## Recorded data
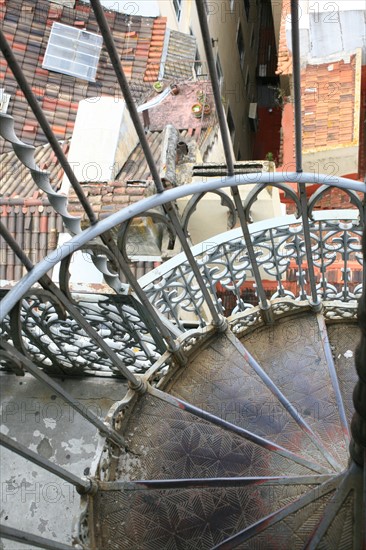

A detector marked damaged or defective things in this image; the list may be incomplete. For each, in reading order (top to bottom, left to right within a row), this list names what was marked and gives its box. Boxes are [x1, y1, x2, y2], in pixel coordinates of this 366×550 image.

rusty metal surface [166, 330, 334, 472]
rusty metal surface [243, 314, 348, 470]
rusty metal surface [328, 324, 358, 432]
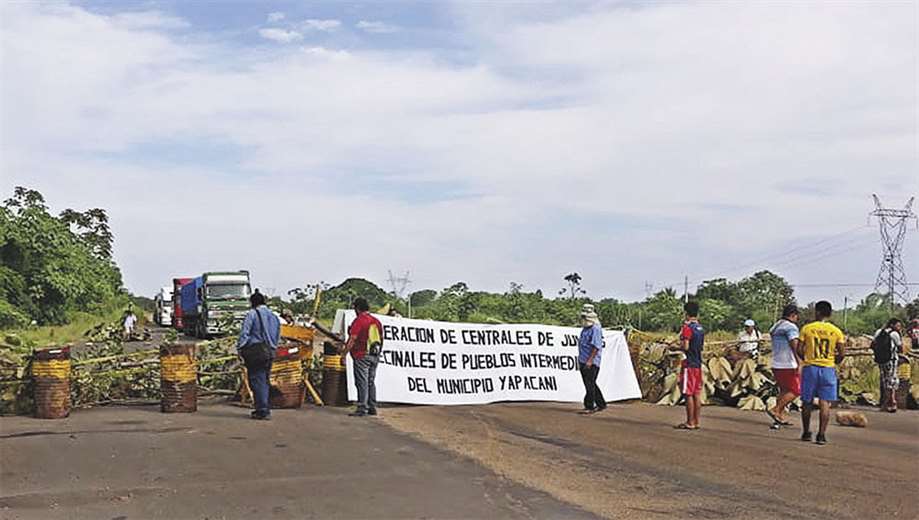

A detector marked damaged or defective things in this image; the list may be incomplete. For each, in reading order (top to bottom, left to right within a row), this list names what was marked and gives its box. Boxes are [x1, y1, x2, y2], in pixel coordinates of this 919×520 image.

rusty oil drum [32, 348, 71, 420]
rusty oil drum [159, 344, 197, 412]
rusty oil drum [270, 346, 306, 410]
rusty oil drum [324, 346, 352, 406]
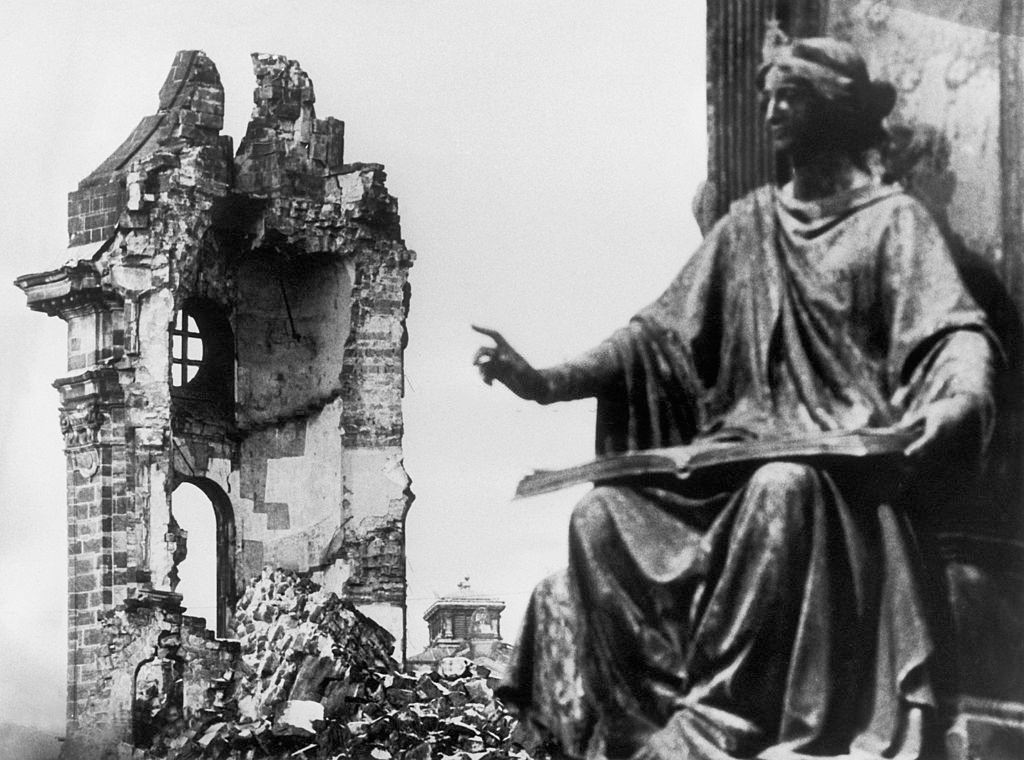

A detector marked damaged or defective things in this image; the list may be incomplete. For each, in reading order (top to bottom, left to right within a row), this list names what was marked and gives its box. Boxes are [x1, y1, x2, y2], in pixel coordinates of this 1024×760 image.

damaged building facade [15, 50, 412, 756]
distant damaged structure [17, 50, 416, 756]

## TASK REQUIREMENTS
Set down each line from the line containing "this 1024×760 image." through the final line of the data, exactly and with nothing added.

## OUTPUT OF THE EXERCISE
A detector marked damaged or defective things in this image; the list may be incomplete. For each, in reading order (top to bottom, left to right within a row), this list names what was marked and gives its box. Boxes are [x1, y1, x2, y2], in pixel coordinates of this 1024×760 image.

damaged building facade [15, 50, 412, 756]
distant damaged structure [17, 50, 416, 756]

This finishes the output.